I read a fabulous book for moving. The Perfect Mess. I have the messiest desk at work. My house is always cluttered up somehow. I bought a day planner but haven’t used it once. My calenders are atleast a month behind the times.
Today there are half-packed boxes everywhere. My brother and I made a “plan” for all the work my house needs before moving. He understands my planning by lack of planning. Somethings can’t be predicted. I make a goal with some extra time built in to it. I come up with a loose idea of how things will happen ideally and a worst-case scenario. Then I go along with whatever comes my way.
But I feel like things are under control. I have a direction I want to go and the resources to get there.
I’m starting to love my new house. It will have one less wall, new paint and floors, a water heater and several dozen little things taken care of before we actually get to live in. It has hideous tile in several places. The fireplace is green brick. J pinched her hand in a door. PB thinks we should put his bed in the closet. I have tons to learn, including how to drive the little tractor. My shopping list is pages long and more money than I can get through my head.
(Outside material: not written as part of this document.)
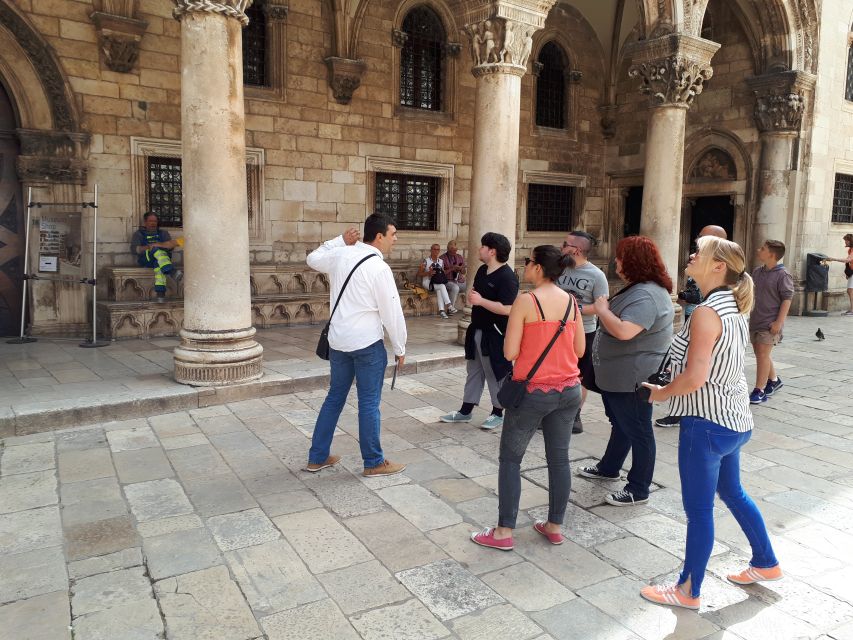 Dubrovnik: Best Game of Thrones Insider Tour - Blackwater Bay and the port of King’s Landing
I spent the weekend running like mad nearly every second, not even sitting down to eat but grabbing bites between packings. I’m done for the day. I’ve got a bit of laundry to finish up, a few things to ready for tomorrow, and that’s all I can manage at this point. We brought my mom lunch today (soup’s such an easy way to clean the fridge and use up ends of things), Bro and G’ma and Bapa all came and looked at my house, I packed and cooked and cleaned. I’ve been trying to get Gcat to let me look at the paw he’s limping in. I’ve killed a dozen black widows as part of the outside cleaning project. I’m tired. My allergies are still terrible. I’m calling it quits for this one. I have a plan and it doesn’t leave room for burning myself out before the end.